The composition of the present invention can also be used as a pharmaceutical composition for preventing or treating infectious diseases in an individual whose resistance to the infectious diseases is impaired because of damage due to excessive inflammation caused by the immunity.

Example of infectious pathogens which impair maintenance or recovery of homeostasis of a host, and which eventually bring about such immunopathological tissue damage include Salmonella, Shigella, Clostridium difficile, Mycobacterium (which cause the disease tuberculosis), protozoa (which cause the disease malaria), filarial nematodes (which cause the disease filariasis), Schistosoma (which cause the disease schistosomiasis), Toxoplasma (which cause the disease toxoplasmosis), Leishmania (which cause the disease leishmaniasis), HCV and HBV (which cause the disease hepatitis C and hepatitis B), and herpes simplex viruses (which cause the disease herpes).

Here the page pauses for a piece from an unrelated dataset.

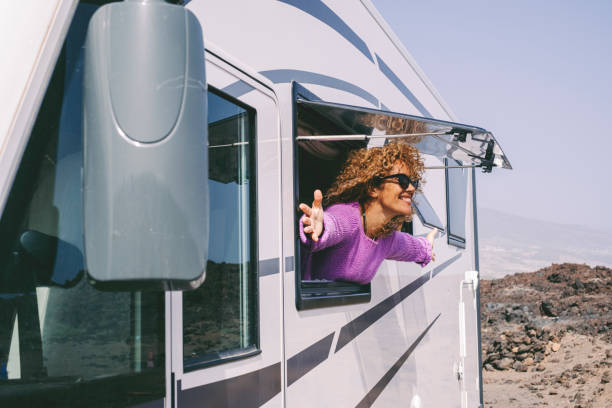Overjoyed and excited adult pretty woman admire outside the camper van window and outstretching arms with big smile. Concept of tourist people and tourism with rented vehicle. Nature campsite stock photo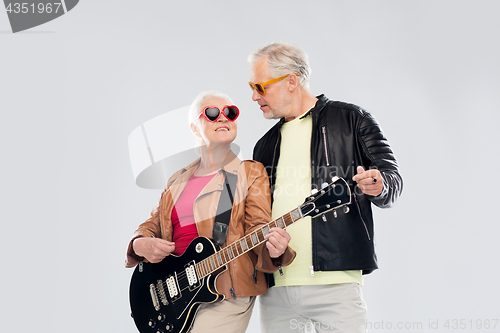 Image of senior couple in sunglasses with electric guitar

Pharmaceutical preparations can be formulated from the composition of the present invention by already known drug formulation methods. For example, the composition of the present invention can be used orally or parenterally in the forms of capsules, tablets, pills, liquids, powders, granules, fine granules, film-coated preparations, pellets, troches, sublingual preparations, chewables, buccal preparations, pastes, syrups, suspensions, elixirs, emulsions, liniments, ointments, plasters, cataplasms, transdermal absorption systems, lotions, inhalations, aerosols, injections, suppositories, and the like.

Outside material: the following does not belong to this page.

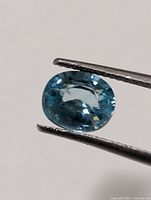 Front view of oval blue zircon held by tweezers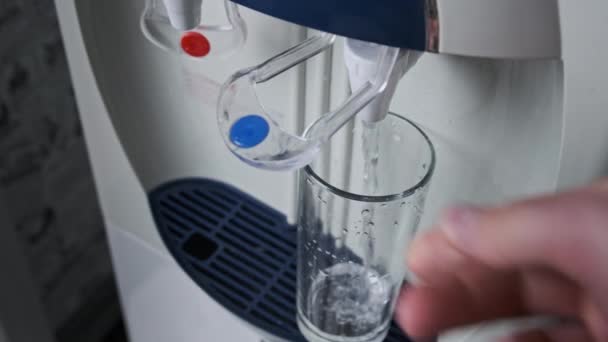 Clear Water is Pouring into Glass From the Water Cooler — Stock Video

For formulating these preparations, the composition of the present invention can be used in appropriate combination with carriers acceptable pharmacologically or acceptable for a food or beverage, specifically, with sterile water, physiological saline, vegetable oil, solvent, a base material, an emulsifier, a suspending agent, a surfactant, a stabilizer, a flavoring agent, an aromatic, an excipient, a vehicle, a preservative, a binder, a diluent, a tonicity adjusting agent, a soothing agent, a bulking agent, a disintegrating agent, a buffer agent, a coating agent, a lubricant, a colorant, a sweetener, a thickening agent, a flavor corrigent, a solubilizer, other additives, or the like.

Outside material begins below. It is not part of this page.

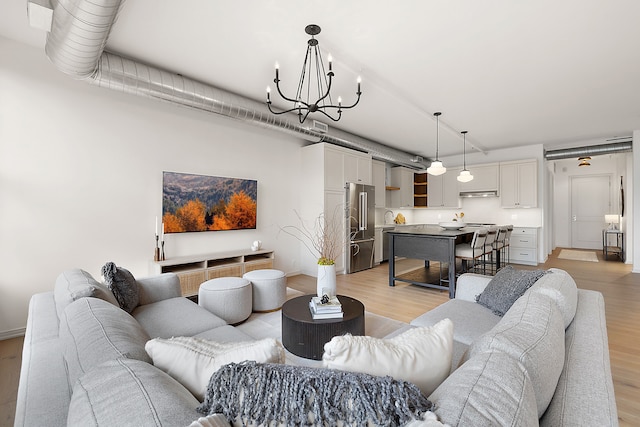 2051 Villa Rd Unit 204, Birmingham, MI 48009 - living room featuring light wood-style floors, a chandelier, and baseboards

Meanwhile, for formulating a pharmaceutical preparation thereof, and particularly for formulating pharmaceutical preparation for oral administration, it is preferable to use in combination a composition which enables an efficient delivery of the composition of the present invention to the colon, from the viewpoint of more efficiently inducing the proliferation or accumulation of regulatory T cells in the colon.